Extracted data:

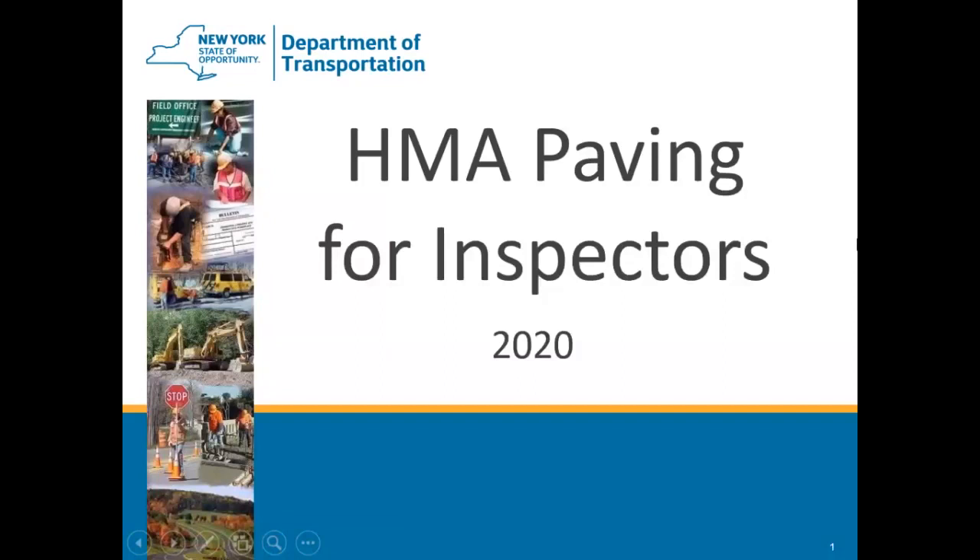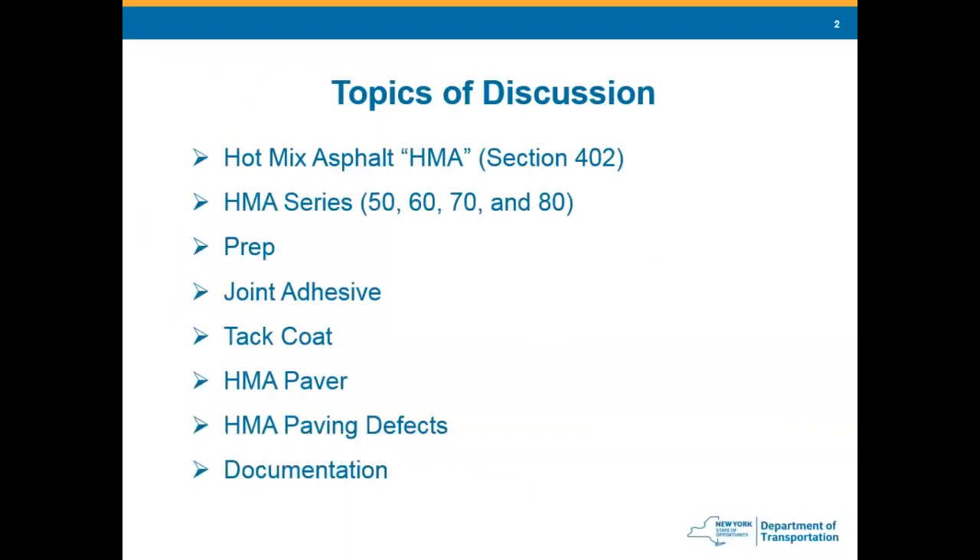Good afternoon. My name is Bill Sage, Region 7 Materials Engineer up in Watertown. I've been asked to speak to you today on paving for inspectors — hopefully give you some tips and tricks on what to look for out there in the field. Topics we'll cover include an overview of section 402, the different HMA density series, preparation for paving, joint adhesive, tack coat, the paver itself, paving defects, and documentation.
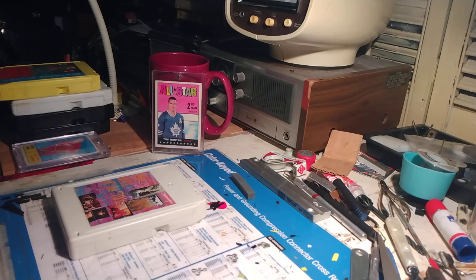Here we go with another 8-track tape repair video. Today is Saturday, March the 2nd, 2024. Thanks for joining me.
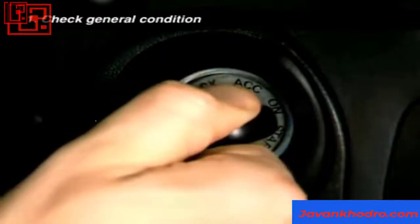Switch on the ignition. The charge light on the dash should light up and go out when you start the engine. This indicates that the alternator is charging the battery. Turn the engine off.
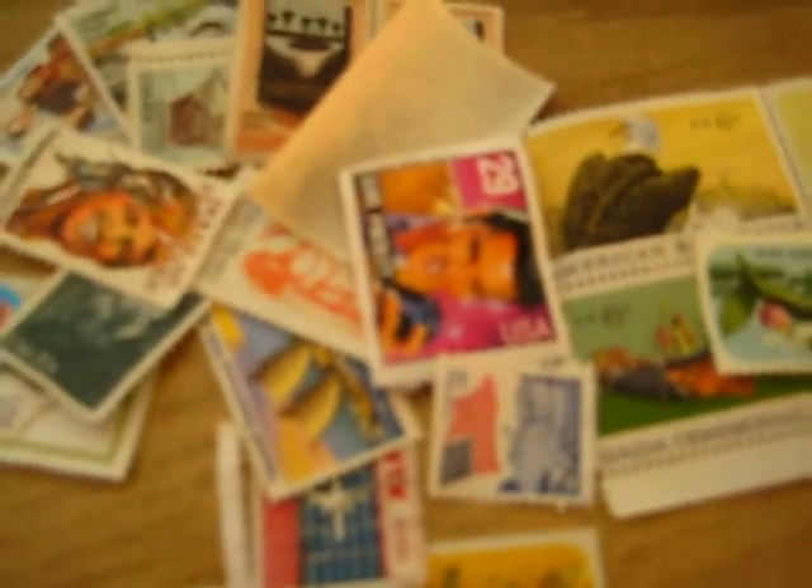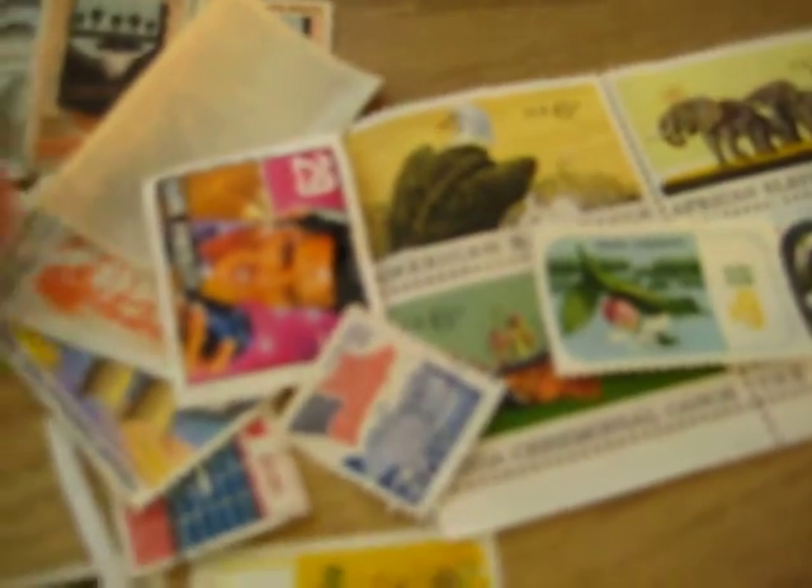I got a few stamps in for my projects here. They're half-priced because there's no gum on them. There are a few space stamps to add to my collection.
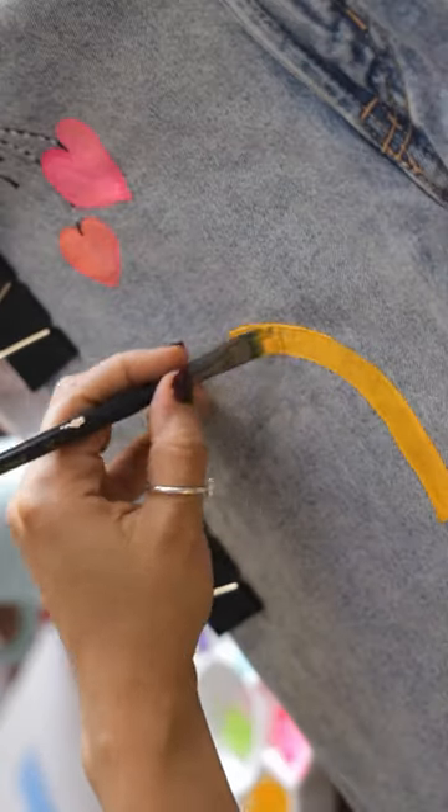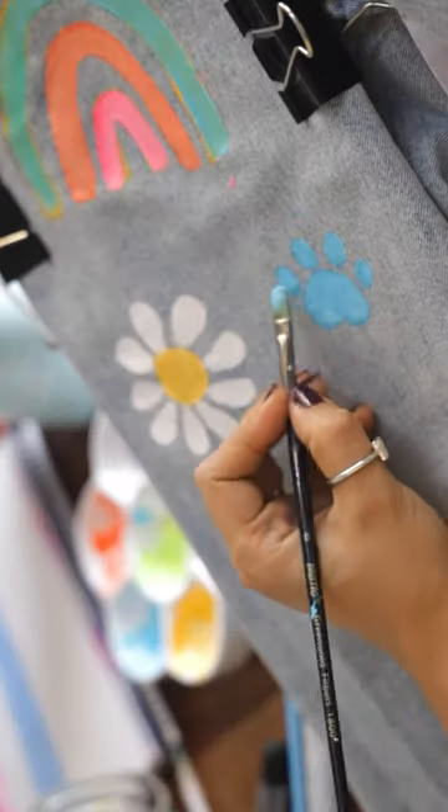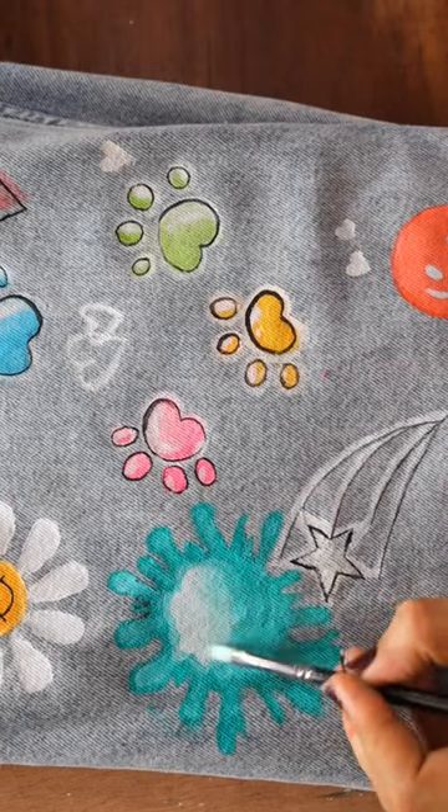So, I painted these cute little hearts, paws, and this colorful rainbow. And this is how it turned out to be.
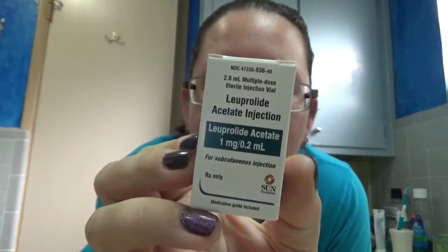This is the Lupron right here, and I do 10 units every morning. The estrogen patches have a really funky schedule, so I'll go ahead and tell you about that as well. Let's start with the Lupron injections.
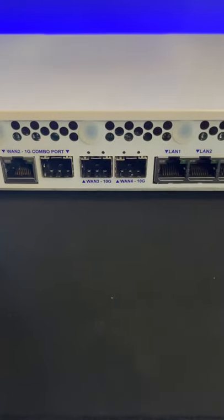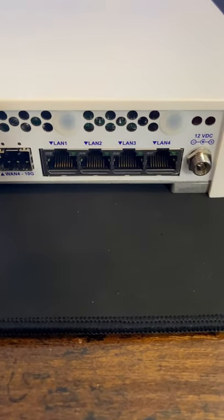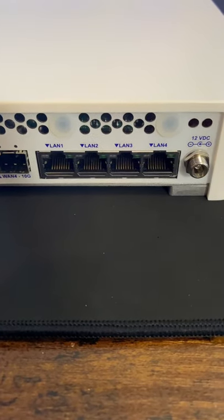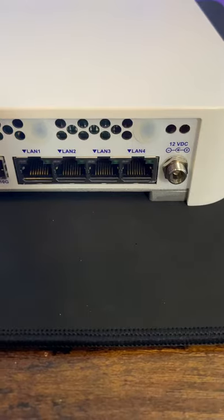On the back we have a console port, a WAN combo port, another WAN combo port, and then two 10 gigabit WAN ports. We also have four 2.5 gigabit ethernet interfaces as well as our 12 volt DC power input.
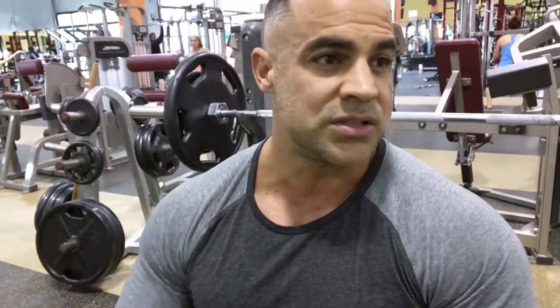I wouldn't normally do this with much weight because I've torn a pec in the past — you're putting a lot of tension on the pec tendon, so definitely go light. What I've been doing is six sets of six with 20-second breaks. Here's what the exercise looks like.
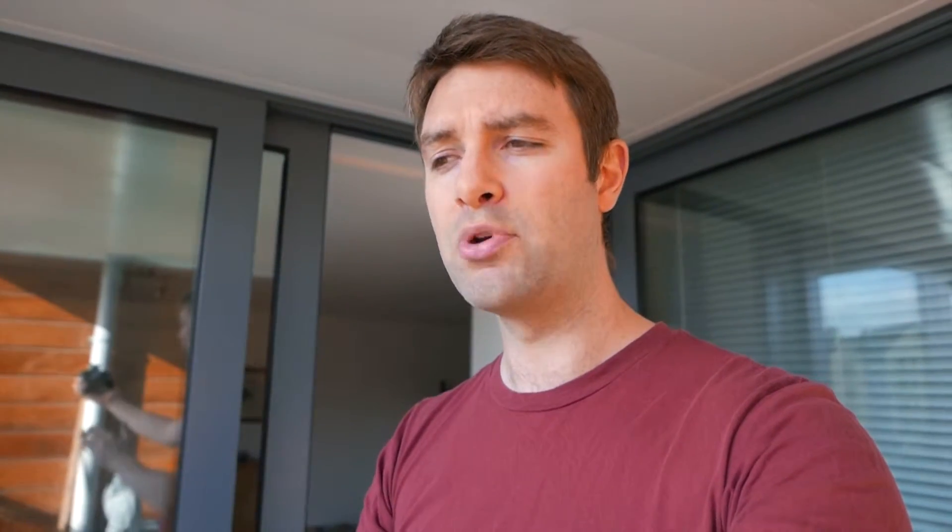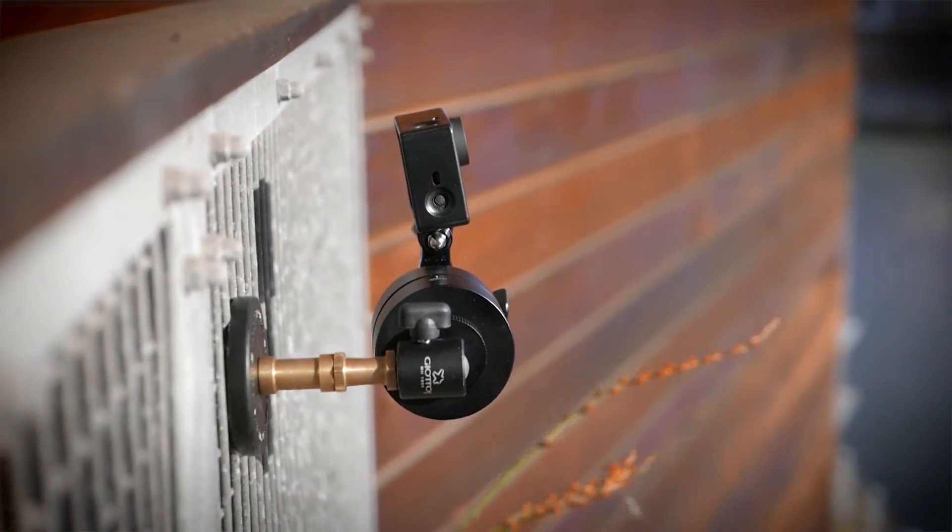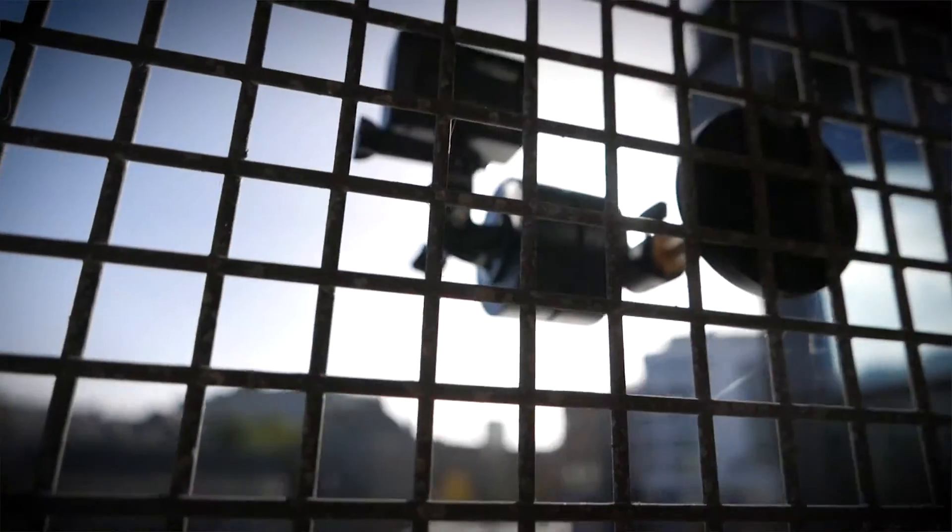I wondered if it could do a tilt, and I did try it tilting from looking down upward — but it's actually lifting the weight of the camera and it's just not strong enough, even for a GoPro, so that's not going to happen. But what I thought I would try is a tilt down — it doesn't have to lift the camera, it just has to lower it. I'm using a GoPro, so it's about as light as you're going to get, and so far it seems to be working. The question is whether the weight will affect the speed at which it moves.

Your task: Copy the lines above between the one holding "This is the" and the one holding "On the back", inclusive. Drop the pictures.

Task response:
This is the Lupron right here, and I do 10 units every morning. The estrogen patches have a really funky schedule, so I'll go ahead and tell you about that as well. Let's start with the Lupron injections.
On the back we have a console port, a WAN combo port, another WAN combo port, and then two 10 gigabit WAN ports. We also have four 2.5 gigabit ethernet interfaces as well as our 12 volt DC power input.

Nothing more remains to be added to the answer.